Correlation Between Dow Jones and Netcare
Can any of the company-specific risk be diversified away by investing in both Dow Jones and Netcare at the same time? Although using a correlation coefficient on its own may not help to predict future stock returns, this module helps to understand the diversifiable risk of combining Dow Jones and Netcare into the same portfolio, which is an essential part of the fundamental portfolio management process.
By analyzing existing cross correlation between Dow Jones Industrial and Netcare, you can compare the effects of market volatilities on Dow Jones and Netcare and check how they will diversify away market risk if combined in the same portfolio for a given time horizon. You can also utilize pair trading strategies of matching a long position in Dow Jones with a short position of Netcare. Check out your portfolio center. Please also check ongoing floating volatility patterns of Dow Jones and Netcare.

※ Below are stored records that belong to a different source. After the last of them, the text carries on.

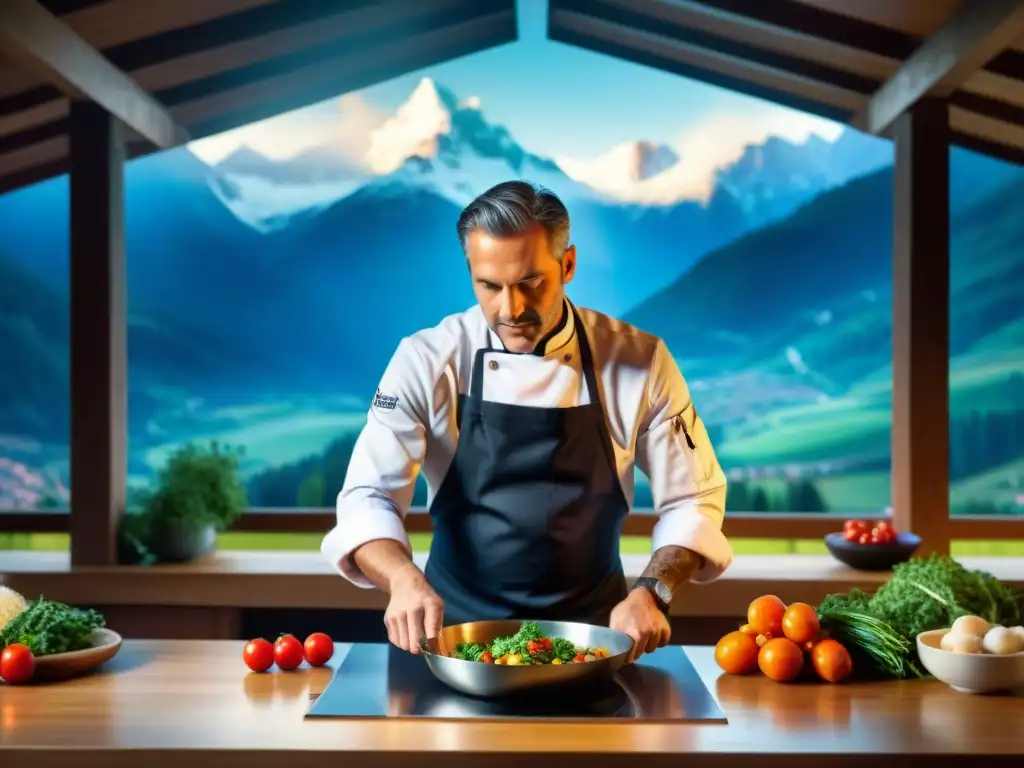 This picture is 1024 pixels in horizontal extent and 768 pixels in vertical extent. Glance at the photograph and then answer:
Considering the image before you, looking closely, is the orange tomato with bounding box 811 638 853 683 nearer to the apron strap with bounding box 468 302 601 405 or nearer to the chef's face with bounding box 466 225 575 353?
the apron strap with bounding box 468 302 601 405

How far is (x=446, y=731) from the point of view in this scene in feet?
6.71

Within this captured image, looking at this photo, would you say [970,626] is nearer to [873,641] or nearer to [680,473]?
[873,641]

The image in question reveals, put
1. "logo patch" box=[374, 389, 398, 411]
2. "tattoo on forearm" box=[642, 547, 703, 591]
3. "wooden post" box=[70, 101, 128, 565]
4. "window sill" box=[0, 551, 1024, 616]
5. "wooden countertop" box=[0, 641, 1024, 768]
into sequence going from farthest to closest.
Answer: "wooden post" box=[70, 101, 128, 565] → "window sill" box=[0, 551, 1024, 616] → "logo patch" box=[374, 389, 398, 411] → "tattoo on forearm" box=[642, 547, 703, 591] → "wooden countertop" box=[0, 641, 1024, 768]

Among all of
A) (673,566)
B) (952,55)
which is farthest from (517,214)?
(952,55)

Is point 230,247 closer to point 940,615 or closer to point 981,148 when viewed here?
point 981,148

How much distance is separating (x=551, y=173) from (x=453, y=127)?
0.62m

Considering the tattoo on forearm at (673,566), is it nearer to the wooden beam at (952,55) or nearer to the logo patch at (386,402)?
the logo patch at (386,402)

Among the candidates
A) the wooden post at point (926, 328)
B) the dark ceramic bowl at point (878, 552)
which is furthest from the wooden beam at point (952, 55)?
the dark ceramic bowl at point (878, 552)

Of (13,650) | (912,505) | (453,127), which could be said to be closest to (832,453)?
(912,505)

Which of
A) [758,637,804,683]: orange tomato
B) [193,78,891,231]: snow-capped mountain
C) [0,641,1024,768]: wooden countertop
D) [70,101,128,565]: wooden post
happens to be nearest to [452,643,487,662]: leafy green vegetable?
[0,641,1024,768]: wooden countertop

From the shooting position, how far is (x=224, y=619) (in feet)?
15.5

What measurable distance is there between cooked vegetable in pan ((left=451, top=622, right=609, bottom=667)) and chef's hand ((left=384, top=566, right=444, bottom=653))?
3.2 inches

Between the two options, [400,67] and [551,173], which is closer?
[400,67]

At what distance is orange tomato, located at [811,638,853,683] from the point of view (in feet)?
7.91
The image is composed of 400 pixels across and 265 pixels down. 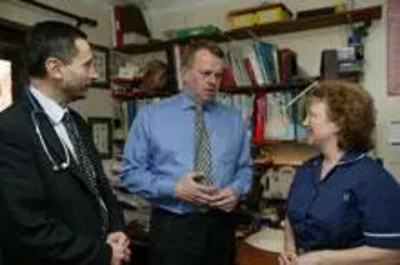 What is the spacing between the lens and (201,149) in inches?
83.6

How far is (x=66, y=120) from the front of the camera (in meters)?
1.63

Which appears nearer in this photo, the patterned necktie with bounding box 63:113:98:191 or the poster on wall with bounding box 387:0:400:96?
the patterned necktie with bounding box 63:113:98:191

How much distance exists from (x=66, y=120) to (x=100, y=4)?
2.21 meters

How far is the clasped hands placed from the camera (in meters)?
1.93

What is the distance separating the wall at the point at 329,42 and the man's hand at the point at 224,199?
1.31 metres

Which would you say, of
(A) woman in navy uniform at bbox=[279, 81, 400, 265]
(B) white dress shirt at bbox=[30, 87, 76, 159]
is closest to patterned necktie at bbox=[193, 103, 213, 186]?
(A) woman in navy uniform at bbox=[279, 81, 400, 265]

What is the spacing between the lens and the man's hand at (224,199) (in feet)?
6.43

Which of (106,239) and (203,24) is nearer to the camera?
(106,239)

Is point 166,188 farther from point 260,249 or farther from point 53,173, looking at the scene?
point 260,249

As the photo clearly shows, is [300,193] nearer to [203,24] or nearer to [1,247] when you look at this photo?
[1,247]

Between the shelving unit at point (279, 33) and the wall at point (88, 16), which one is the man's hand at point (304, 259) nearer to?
the shelving unit at point (279, 33)

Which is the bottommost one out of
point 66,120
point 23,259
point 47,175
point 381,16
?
point 23,259

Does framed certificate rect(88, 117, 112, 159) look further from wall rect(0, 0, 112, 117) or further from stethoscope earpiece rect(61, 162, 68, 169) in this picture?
stethoscope earpiece rect(61, 162, 68, 169)

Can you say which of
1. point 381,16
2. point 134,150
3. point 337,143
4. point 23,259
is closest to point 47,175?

Diversification Opportunities for Dow Jones and Netcare
Poor diversification
The 3 months correlation between Dow and Netcare is 0.62. Overlapping area represents the amount of risk that can be diversified away by holding Dow Jones Industrial and Netcare in the same portfolio, assuming nothing else is changed. The correlation between historical prices or returns on Netcare and Dow Jones is a relative statistical measure of the degree to which these equity instruments tend to move together. The correlation coefficient measures the extent to which returns on Dow Jones Industrial are associated (or correlated) with Netcare. Values of the correlation coefficient range from -1 to +1, where. The correlation of zero (0) is possible when the price movement of Netcare has no effect on the direction of Dow Jones i.e., Dow Jones and Netcare go up and down completely randomly.
Pair Corralation between Dow Jones and Netcare
Assuming the 90 days trading horizon Dow Jones is expected to generate 1.68 times less return on investment than Netcare. But when comparing it to its historical volatility, Dow Jones Industrial is 1.92 times less risky than Netcare. It trades about 0.16 of its potential returns per unit of risk. Netcare is currently generating about 0.14 of returns per unit of risk over similar time horizon. If you would invest 115,000 in Netcare on September 1, 2024 and sell it today you would earn a total of 33,000 from holding Netcare or generate 28.7% return on investment over 90 days.
Time Period | 3 Months [change] |
Direction | Moves Together |
Strength | Significant |
Accuracy | 98.44% |
Values | Daily Returns |
Dow Jones Industrial vs. Netcare
Performance |
Timeline |
Dow Jones and Netcare Volatility Contrast
Predicted Return Density |
Returns |
Dow Jones Industrial
Pair trading matchups for Dow Jones
Netcare
Pair trading matchups for Netcare
Pair Trading with Dow Jones and Netcare
The main advantage of trading using opposite Dow Jones and Netcare positions is that it hedges away some unsystematic risk. Because of two separate transactions, even if Dow Jones position performs unexpectedly, Netcare can make up some of the losses. Pair trading also minimizes risk from directional movements in the market. For example, if an entire industry or sector drops because of unexpected headlines, the short position in Netcare will offset losses from the drop in Netcare's long position.Dow Jones vs. Catalyst Pharmaceuticals | Dow Jones vs. Sphere Entertainment Co | Dow Jones vs. National CineMedia | Dow Jones vs. Mink Therapeutics |
Netcare vs. HomeChoice Investments | Netcare vs. We Buy Cars | Netcare vs. Ascendis Health | Netcare vs. Astral Foods |
Check out your portfolio center.Note that this page's information should be used as a complementary analysis to find the right mix of equity instruments to add to your existing portfolios or create a brand new portfolio. You can also try the Equity Analysis module to research over 250,000 global equities including funds, stocks and ETFs to find investment opportunities.